L’indemnisation du préjudice d’anxiété des travailleurs exposés à l’amiante : une nouvelle avancée

CASS. PLEN. 2 avril 2021

Par un récent arrêt rendu le 2 avril 2021, l’assemblée plénière de la Cour de cassation a opéré un revirement de jurisprudence remarqué concernant le préjudice d’anxiété.

Qu’est-ce-que le préjudice d’anxiété ?

D’abord le « préjudice d’anxiété répare l’ensemble des troubles psychologiques, y compris ceux liés au bouleversement dans les conditions d’existence, résultant du risque de déclaration à tout moment d’une maladie liée à l’amiante » selon les arrêts de la chambre sociale de la cour de cassation en date du 25 septembre 2013 n°12-12.883 et du 3 mars 2015 n°13-21.865 et n°13-21.832.

De plus, la perte d’espérance de vie est également incluse dans le préjudice d’anxiété (3 mars 2015, n°13-21.832).

Il convient ensuite de rappeler le cadre juridique de la réparation du préjudice d’anxiété.

L’existence du préjudice d’anxiété remonte à la loi n° 98-1194 du 23 décembre 1998 de financement de la sécurité sociale modifiée par la loi n°2016-1827 du 23 Décembre 2016 article 34 ayant instauré pour les travailleurs exposés à l’amiante, sans être atteints d’une maladie professionnelle consécutive à cette exposition, un mécanisme de départ anticipé à la retraite.

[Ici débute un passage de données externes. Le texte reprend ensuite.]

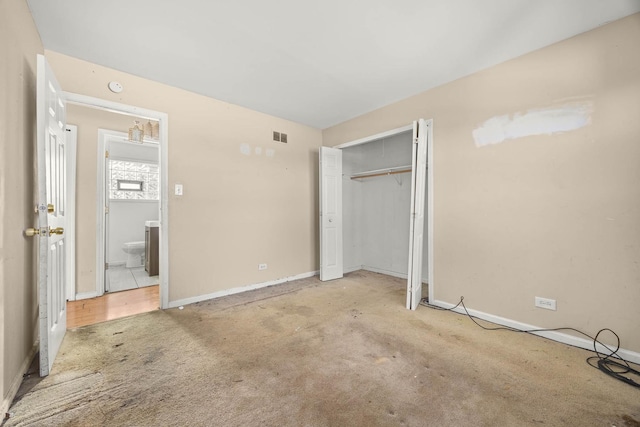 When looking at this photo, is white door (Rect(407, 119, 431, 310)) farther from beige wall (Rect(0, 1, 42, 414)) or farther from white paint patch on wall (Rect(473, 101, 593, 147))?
beige wall (Rect(0, 1, 42, 414))

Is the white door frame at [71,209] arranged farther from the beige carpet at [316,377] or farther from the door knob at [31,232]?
the door knob at [31,232]

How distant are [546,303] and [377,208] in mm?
2782

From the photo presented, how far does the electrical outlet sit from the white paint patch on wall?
150 cm

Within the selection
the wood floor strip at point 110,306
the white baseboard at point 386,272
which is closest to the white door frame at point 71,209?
the wood floor strip at point 110,306

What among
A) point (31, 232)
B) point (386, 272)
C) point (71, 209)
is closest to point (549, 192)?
point (386, 272)

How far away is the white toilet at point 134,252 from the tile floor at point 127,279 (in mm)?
190

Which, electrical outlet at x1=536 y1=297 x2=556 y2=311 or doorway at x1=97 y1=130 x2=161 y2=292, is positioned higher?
doorway at x1=97 y1=130 x2=161 y2=292

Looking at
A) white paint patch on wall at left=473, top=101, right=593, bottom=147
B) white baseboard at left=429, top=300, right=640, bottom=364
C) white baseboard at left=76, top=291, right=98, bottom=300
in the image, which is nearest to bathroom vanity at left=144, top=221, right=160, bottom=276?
white baseboard at left=76, top=291, right=98, bottom=300

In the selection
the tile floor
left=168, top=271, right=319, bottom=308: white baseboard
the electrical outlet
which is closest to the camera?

Afin de bien comprendre l’enjeu de cette décision, il convient de revenir sur les faits ainsi que sur la procédure.

Faits et procédure 

En l'espèce, un salarié avait soulevé à l'occasion d'un litige l'opposant à son employeur une demande de dommages et intérêts permettant de compenser son préjudice d'anxiété résultant de son exposition à l'amiante durant plusieurs années. Ce dernier n’était cependant pas éligible à l’ACAATA (allocation de cessation anticipée d’activité des travailleurs de l’amiante) et a obtenu en 2015 une indemnité en réparation de son préjudice d’anxiété.

En effet, les juges d’appel ont ici retenu la responsabilité de l’employeur pour manquement à son obligation de sécurité. Il est vrai que l'employeur a l'obligation de prendre toutes les mesures nécessaires pour assurer la sécurité et protéger la santé des salariés de l'entreprise.

Cependant, cette décision a été censurée en 2016. En effet, à cette période la position de la Haute Juridiction revenait à dire que « la réparation du préjudice d’anxiété n’est admise, pour les salariés exposés à l’amiante, qu’au profit de ceux remplissant les conditions prévues par l’article 41 de la loi du 23 décembre 1998 et l’arrêté ministériel » c’est-à-dire les salariés éligibles à l’ACAATA).

Néanmoins, la jurisprudence de la Haute Juridiction ayant évolué sur ce point à la suite de cet arrêt de cassation, le salarié conteste la décision de renvoi, par un même moyen contenu dans un nouveau pourvoi, déclaré recevable par l'Assemblée plénière à l'issue d'un revirement de jurisprudence.

Du point de vue substantiel, l’arrêt attaqué qui s’était conformé à la doctrine antérieure de la Cour de cassation, c’est-à-dire pas d’indemnisation du préjudice d’anxiété des salariés exposés à l’amiante s’ils ne sont pas éligibles à l’ACAATA, est cassé.

En effet, les salariés ayant travaillé dans un établissement qui n’est ni visé par l’article 41 de la loi du 23 décembre 1998 ni mentionné sur un arrêté ministériel pris en application de ce texte peuvent poursuivre la réparation d’un préjudice d’anxiété sur le fondement du droit commun de la responsabilité, la Cour de Cassation considère que cela se justifie par l’obligation de sécurité qui incombe l’employeur.